2) I was driving to work today when I suddenly realized how poor the allignment of my car is. How is it that I didn't realize for however long that I need to hold my steering wheel a few degrees to the left in order to keep it driving straight? I've been so mentally consumed with the fact that it almost stalls out at every stoplight to notice that it doesn't even drive in a straight line when the wheel is unattended. I realize a little bit of a curve is probably natural. But this isn't exactly "slight." We're talking some serious "veering" to the right if I let go of the wheel. How is it possible that I did not notice this? Then my thoughts turn to the amount tension my left wrist has been withstanding for however long as I hold the steering wheel in place, to the left of center. (I also noticed that I tend to hold the steering wheel with my left hand - or at least hold it in place with my left while texting, curling my hair, applying lipgloss, and baking a cake with my right. JOKES.)

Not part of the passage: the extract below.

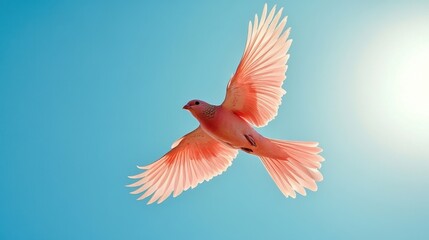 Fototapeta premium A pink bird soaring gracefully against a bright blue sky in the afternoon light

But then, naturally, on my way to work at 7:45 in the morning, I start thinking about the amount of tension in my life that I cause or that I don't even realize I put up with. This for example - I didn't even realize that I was exerting extra energy to hold my steering wheel in the place it needed to be even while driving straight. Or this morning, I spent way too much time trying to put curl into my hair, which does not naturally enjoy being curled or staying curled. The attitude of my hair as I try to do this is nothing short of tense. "Jenna, we've been through this a million times. I'm straight. And I'm thin. And I don't like curl. You won the war of the bangs, but i'm not letting you have this one."
And then I got to work and these thoughts stop. Anti-climactic, I know. Maybe i'll process these thoughts more someday. But today is Friday.
3) I went to the dentist this afternoon for the first time in about 5 years. College and moving to Mass and lack of good dental insurance have caused major procrastination in this area. It was a fairly good visit, but I always leave the dentist feeling a little confused about where I stand with them. It's kind of like we just had a DTR that really didn't clarify a single thing, and I know i'm going to have to go back to resolve some details, even though there were a few really great moments in the conversation. Congrats on only having one cavity, but we might see more with the x-ray. Stay tuned. You have beautiful teeth, but please come back next week for a big needle filled with novacane and a filling. You have a little gingivitis, but no plaque! You're great at brushing, but let's work on that flossing. You have a beautiful smile, but lets rip out your wisdom teeth. Really, it's not you, it's me....
4) Pumped to be going to the theater tonight (please re-read that sentence with a snobby British accent on the word "theater" - actually, so it's more like "theataah"). Meeting up with a group of friends to go see El Schwab rock it in 2 Gents of Verona in Rockport. Pumped.